ベーシックな「ハイライト」、定番となった「インナーカラー」などのデザインカラーに加わったのが「アンブレラカラー」。ワントーンカラーに飽きたお客さま、ハイライトよりも個性的なスタイルを目指したいお客さまから支持をあつめており、レングスを問わないため、今後幅広い方へ提案できるデザインカラーとなりそうです。

  • 表面に明るい色、内側に暗い色(または地毛)を配置し、傘をさすように被せたヘアカラーのこと
  • 表面の明るい色は、①トップを薄く取るか、 ②チップでランダムに取り、ブリーチ後オンカラーが一般的

実際にアンブレラカラーをお客さまへ多く提案されている、堤良太さん[Un ami/東京都渋谷区]飯島明さん[SALOWIN IL salice/東京都渋谷区]お2人の写真を借りてアンブレラカラーのバリエーションを解説します。

アンブレラカラーvar.1 定番アンブレラカラー

表面に明るい色、内側に暗い色を配置した定番の「アンブレラカラー」です。表面はブリーチ後オンカラー。内側は地毛の暗さを活かす場合が多く、ヘアダメージが気になるお客さまへも提案しやすいデザインカラーです。
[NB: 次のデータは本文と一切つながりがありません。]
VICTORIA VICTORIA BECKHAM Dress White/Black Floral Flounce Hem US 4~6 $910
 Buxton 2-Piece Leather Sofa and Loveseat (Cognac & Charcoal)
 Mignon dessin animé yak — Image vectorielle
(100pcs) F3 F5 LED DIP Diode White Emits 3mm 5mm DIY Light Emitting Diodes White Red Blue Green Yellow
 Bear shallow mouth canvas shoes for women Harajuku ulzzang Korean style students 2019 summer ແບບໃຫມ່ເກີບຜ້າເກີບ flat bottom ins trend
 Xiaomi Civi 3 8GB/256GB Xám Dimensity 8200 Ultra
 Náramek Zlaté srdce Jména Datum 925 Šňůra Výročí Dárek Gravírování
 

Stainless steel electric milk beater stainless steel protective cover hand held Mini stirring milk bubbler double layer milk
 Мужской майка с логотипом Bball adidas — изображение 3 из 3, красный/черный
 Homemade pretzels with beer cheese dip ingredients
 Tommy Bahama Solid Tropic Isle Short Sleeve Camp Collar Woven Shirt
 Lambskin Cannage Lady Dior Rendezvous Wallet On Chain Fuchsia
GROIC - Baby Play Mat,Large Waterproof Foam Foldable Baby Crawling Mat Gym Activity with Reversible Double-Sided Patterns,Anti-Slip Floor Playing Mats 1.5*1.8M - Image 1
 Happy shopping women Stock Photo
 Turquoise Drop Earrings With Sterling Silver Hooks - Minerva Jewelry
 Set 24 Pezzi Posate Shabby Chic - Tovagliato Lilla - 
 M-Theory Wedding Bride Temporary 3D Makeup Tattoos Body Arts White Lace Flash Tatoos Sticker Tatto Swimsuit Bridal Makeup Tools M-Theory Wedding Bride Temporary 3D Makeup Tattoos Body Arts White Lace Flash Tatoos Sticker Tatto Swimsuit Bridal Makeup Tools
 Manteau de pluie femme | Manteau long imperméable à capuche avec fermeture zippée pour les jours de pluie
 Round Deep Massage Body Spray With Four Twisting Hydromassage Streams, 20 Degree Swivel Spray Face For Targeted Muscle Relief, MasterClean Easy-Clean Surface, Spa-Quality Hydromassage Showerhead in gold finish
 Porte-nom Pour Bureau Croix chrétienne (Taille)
【表面・ブリーチ1回】1剤/アクセスフリー パウダーブリーチ(ナプラ) 2剤/OX6%2倍
【表面・オンカラー】1剤/アルティスト SBe/11(サンドベージュ):TG/11(トープグレージュ)=3:1(資生堂) 2剤…OX3%等倍
【内側】地毛

【表面・ブリーチ1回】1剤/ブリーチ120(アリミノ) 2剤/OX6%2倍
【表面・オンカラー】BLカラー クリア:8GB(グレイブラウン):8MT(モノトーン):V8(バイオレット)=4:1:1:10%(フィヨーレ) 2剤/OX1.5%等倍
【内側】地毛

アンブレラカラーvar.2 逆アンブレラカラー

var.1とは反対に、表面に暗い色、内側に明るい色を配置したのが「逆アンブレラカラー」です。逆アンブレラカラー最大のメリットは、根元が伸びても気になりにくいこと。表面に地毛を活かせばブリーチによるヘアダメージ範囲もおさえられます。

【表面】 地毛
【内側・ブリーチ2回】1剤/アクセスフリー パウダーブリーチ(ナプラ) 2剤/OX6% 1.5倍
【内側・オンカラー】1剤/キャラデコCREAR-t(クリアー):white/I(ホワイト):A purple/a(アクリルパープル):A orange/a(アクリルオレンジ)=1:20%:2%:2%(中野製薬) 2剤/OX3%等倍

表面・オンカラー1剤/アルティストTG/11(トープグレージュ):CB/11(カカオブラウン)=2:1(資生堂) 2剤/OX4%等倍
【内側・ブリーチ2回】/1剤/アクセスフリー パウダーブリーチ(ナプラ):プレックス剤=1:5% 2剤/OX6% 2倍
【内側・オンカラー】1剤/エドル Gr-13(グレージュ):IV(アイボリー):FP-13(フューシャピンク)=1:1:2%(ルベル) 2剤/OX3%等倍

アンブレラカラーvar.3 ヴィヴィッドアンブレラカラー

表面をブリーチ後、大胆なヴィヴィッドカラーをのせれば、より個性的なデザインに仕上がります。全頭ブリーチに抵抗はあるけれど、人とは違うヘアカラーを楽しみたいお客さまへ提案してみましょう。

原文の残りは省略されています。